JAKARTA – Kawasan Tanah Abang, Jakarta Pusat, dikenal sangat semrawut. Maklum di lokasi tersebut terdapat pusat grosir dan perbelanjaan Tanah Abang serta Stasiun Tanah Abang.
Permasalahan yang terjadi tidak pernah tuntas seperti maraknya pedagang kaki lima (PKL), angkutan umum berhenti sembarangan/ngetem, dan parkir liar. Penertiban yang dilakukan petugas selama ini juga dinilai tidak efektif karena setelah ditertibkan mereka kembali lagi beraktivitas sehingga menyebabkan kesemrawutan dan kemacetan. “Jadi solusinya pembangunan jembatan layang/ skybridge yang menghubungkan Stasiun Tanah Abang ke Blok G pusat grosir Tanah Abang,” ujar Wali Kota Jakarta Pusat Mangara Pardede beberapa waktu lalu.
Keberadaan jembatan layang memudahkan para penumpang kereta api yang melewati kawasan Jati Baru. Mereka akan didistribusikan melewati skybridge . “Kalau sudah tidak ada yang lalu lalang di Jati Baru, praktis pedagang tidak kembali berjualan di lokasi,” ucapnya. Pengamat perkotaan Universitas Trisakti Yayat Supriatna mengatakan, sebelum jembatan layang dibangun, penindakan dan penertiban di kawasan Tanah Abang harus diintesifkan.
“Harus tegas supaya pelanggar jera,” ucapnya. Penggiringan parkir ke gedung juga harus dilakukan untuk mengurangi macet. Permasalahan lain yang tak kalah pelik adalah soal penataan PKL. Pedagang yang berjualan di dalam gedung mempersempit jarak antartoko sehingga membuat lorong-lorong sulit dilintasi. Suasana pengap dan sesak terasa di sekitar gedung pusat grosir Tanah Abang, di antaranya di Blok A dan Gedung Metro Tanah Abang yang berlokasi di seberangnya. Khusus di Blok A terdapat 12 lantai.

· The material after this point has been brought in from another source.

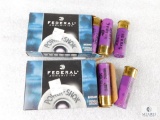 10 Rounds Federal 16 Gauge Buckshot 12 Pellets 1 Buck 2-3/4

Tiap lantai memiliki tempat perbelanjaan, misalnya lantai satu untuk tekstil, lantai 2 untuk perlengkapan rumah seperti gorden, sprei, dan taplak meja, lantai 3 baju kerja, lantai 4 perlengkapan ibadah, lantai 5 pakaian anak anak, lantai 6 beragam aneka celana jins, lantai 7 batik, lantai 8 aksesoris, lantai 9 pakaian pria, lantai 10 baju muslim, lantai 11 busana wanita, dan lantai 12 sepatu. Dengan bangunan yang tinggi dan mobilitas cukup banyak, kondisi lift menjadi tak nyaman. Lift pengunjung terlalu penuh, belum lagi harus menunggu waktu lama untuk mencapai aksesnya.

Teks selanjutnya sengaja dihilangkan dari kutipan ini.